ABA States Lawyers Should Take Reasonable Efforts to Protect Data
ABA Model Rule 1.6(c) states that lawyers “shall make reasonable efforts to prevent the inadvertent or unauthorized disclosure of, or unauthorized access to, information relating to the representation of a client.” When you think about it, that’s a tall order. What is a reasonable effort? And how can you protect all law firm data?
Unfortunately, there’s no way to protect all of your data all of the time. Data security problems from software, malware, ransomware, viruses, phishing attempts, and data breaches happen. The digital landscape changes so fast that there is no such thing as constant protection from every existing threat.
Fulfill “Reasonable Efforts” by Using Law Firm Data Protection Best Practices
It may seem like we’re all now expected to become cybersecurity and data protection experts. That’s not the case. You always have the option to hire a reputable IT team that has verifiable experience working with law firms to protect data.

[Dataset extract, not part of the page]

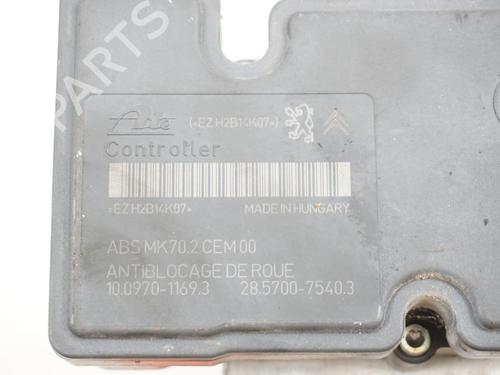 ABS Bremseaggregat CITROËN C3 II (SC_) 1.4 | BP18184474M43 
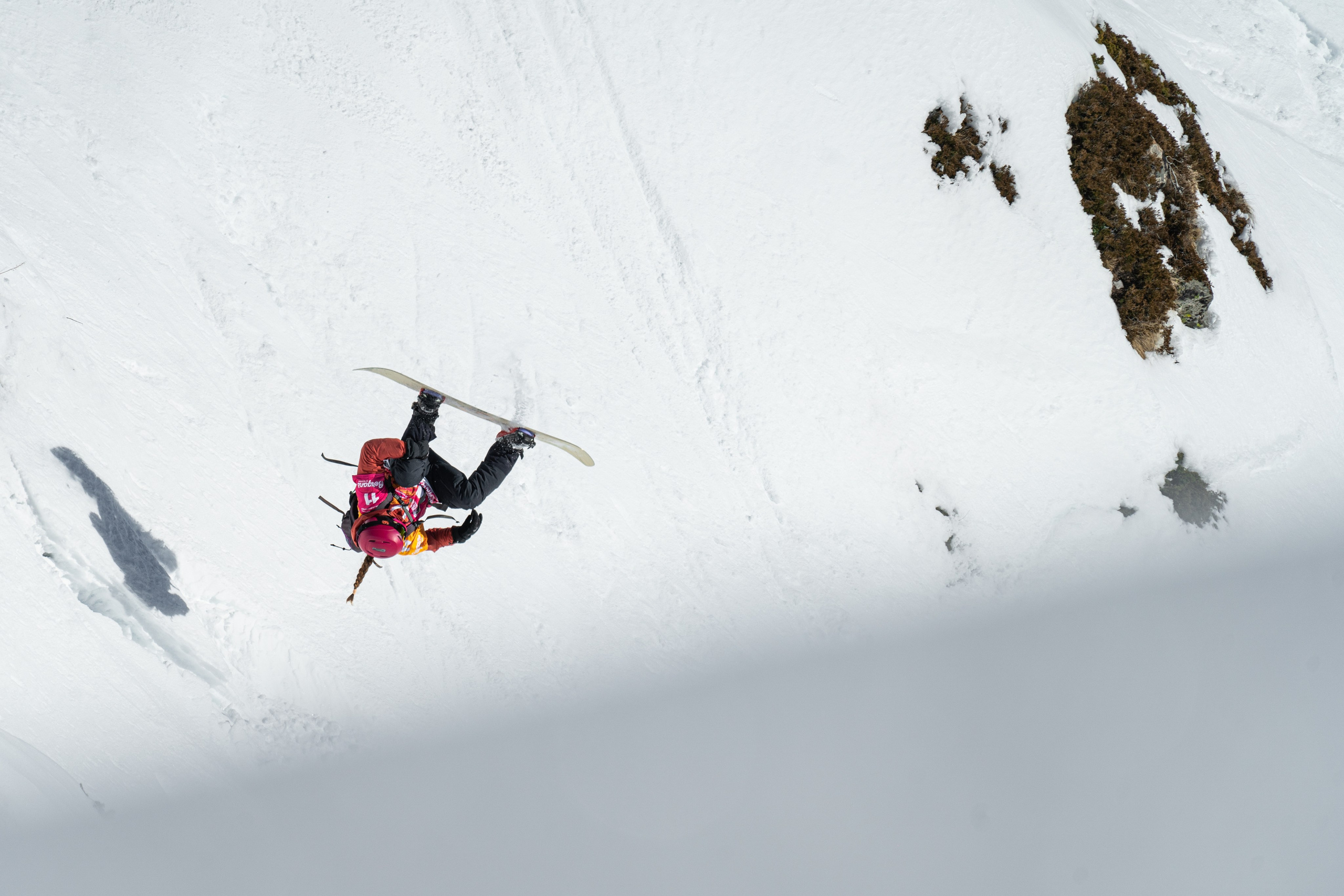 Freeride World Qualifier Rosa Khutor 2023. Репортажный фотограф в Красной Поляне и Сочи Павлюченко Екатерина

Do not hire just any local IT company. You really need professionals who understand the data protection requirements set in your jurisdiction as well as the best possible current security standards to protect your data based on the type of law that you practice. For example, a lawyer who primarily handles cloudy titles and easements still needs to secure their data, but they won’t need to worry about HIPAA requirements. Whereas, a lawyer practicing personal injury law or insurance defense may have sensitive medical information about people involved in accidents of some kind.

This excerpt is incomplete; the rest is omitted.